借用の起こる状況など
出典: フリー百科事典『ウィキペディア(Wikipedia)』 (2022/06/05 15:35 UTC 版)
政治的・文化的に影響力の大きい言語圏の言語の語彙を、周辺の言語が取り込んで使う場合が多い。 これは一つには影響力の大きい言語圏で新しい意味を表す言葉が作られるため、その意味を表すためには借用してしまうのが手っ取り早いという便宜上の理由がある。日本語が古代から近世にかけて中国語から、近現代に英語を筆頭としてヨーロッパ諸言語から、それぞれ数多くの借用をしているのがその例である。 またもう一つ、属国や植民地などで支配側の言葉が使用されているうちに、その語彙を被支配側の言語が取り込んでしまう場合もある。かつて日本の統治下におかれたパラオなどで日本語の一部がそのまま現地語になっているのがその例である。 逆に交易や侵略が余り無かった言語は、新しい意味を表す言葉も日常生活の基本語彙を組み合わせて作る事が多い。

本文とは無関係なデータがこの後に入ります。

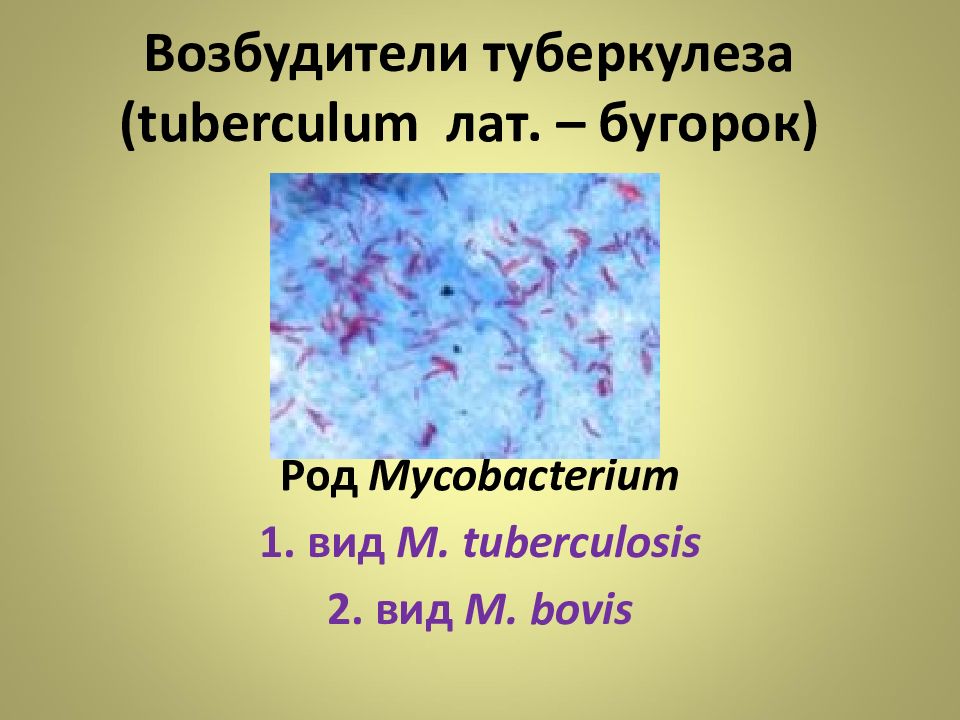 Возбудители туберкулеза тест. Микобактерии возбудители туберкулеза. Микобактерия Бовис. Mycobacterium Bovis микробиология.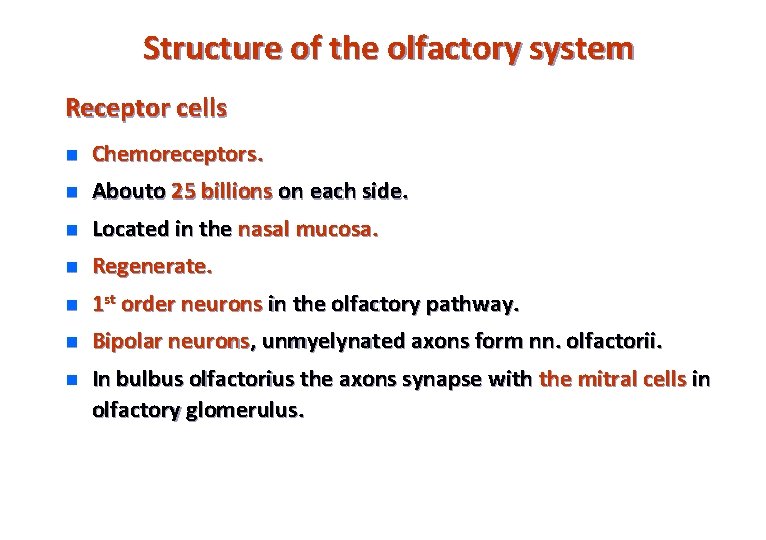 Structure of the olfactory system Receptor cells n Chemoreceptors. n Aboutо 25 billions on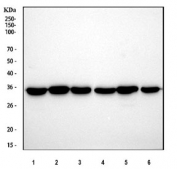 Western blot testing of 1) human HeLa, 2) bovine MDBK, 3) monkey COS-1 and 4) canine MDCK cell lysate with GAPDH antibody. Predicted molecular weight ~36 kDa.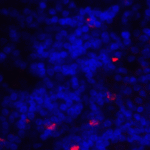 Immunofluorescence of ICOSLG in human lymph node tissue with ICOSLG antibody at 20 μg/ml.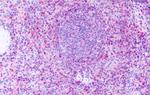 GPR63 Antibody in Immunohistochemistry (Paraffin) (IHC (P))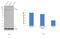 Valosin Containing Protein antibody, PA5-22257, Invitrogen Antibodies, Western Blot image 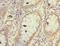 F-box/WD repeat-containing protein 10 antibody, orb354915, Biorbyt, Immunohistochemistry paraffin image 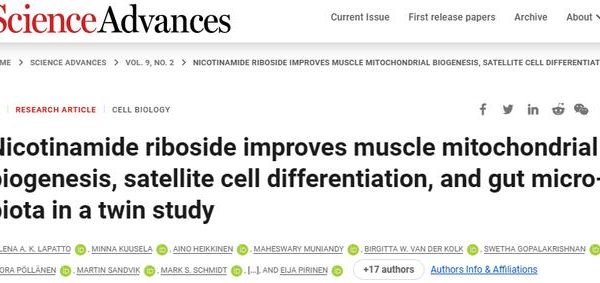 Nicotinamide riboside improves muscle mitochondrial biogenesis, satellite cell differentiation, and gut microbiota in a twin study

例としてはドイツ語、フランス語、ロシア語、中国語などが挙げられ、基本語彙も少ない(さすがに今ではインターネット用語などは英語をそのまま使う事も多い)。 単語だけでなく、文字や宗教も借用(外来)される事が多い(ラテン語→ラテン文字とキリスト教、ペルシャ語→アラビア文字とイスラム教、中国語→漢字と仏教など) 関係が密接だった場合は、語彙の約半数が借用語となる事も珍しくない。 綴り・文字・発音においても、借用語のみにしか使われない特別なものが出来る事がある。英語の"j",語頭の"v"(以上フランス語起源),[k]と発音される"ch"(古典ギリシャ語、イタリア語)や、日本語の「ティ」「ヴ」が例として挙げられる。 その言語の文化圏に政治的影響力が無い場合でも、独特の文化体系がある場合、その用語だけが周辺言語に借用される場合がある。日本のアニメ・漫画文化などがそれに当たる。 特産物、地域独特の事物に関する単語、または地名は政治的・文化的影響力の大小にかかわらず取り入れられることがある。(例えば日本語における、ベトナム語のアオザイ、タイ語のパクチー、アイヌ語起源の北海道の地名など) 英語は歴史的にフランス語を大量に借用しており、近代以降にラテン語や古典ギリシャ語から造られた高級語彙も翻訳借用によらず直接導入することが多かった。その上に近代のイギリスには世界中の植民地から様々な語彙が流入し、現代でも国際語としての影響力ゆえに新しい文物は英語で世界に紹介される。こうして英語は、世界一語彙が多く、また借用語の比重がかなり高い言語となった。逆に、よく知られているように英語は世界一の借用語提供言語でもある。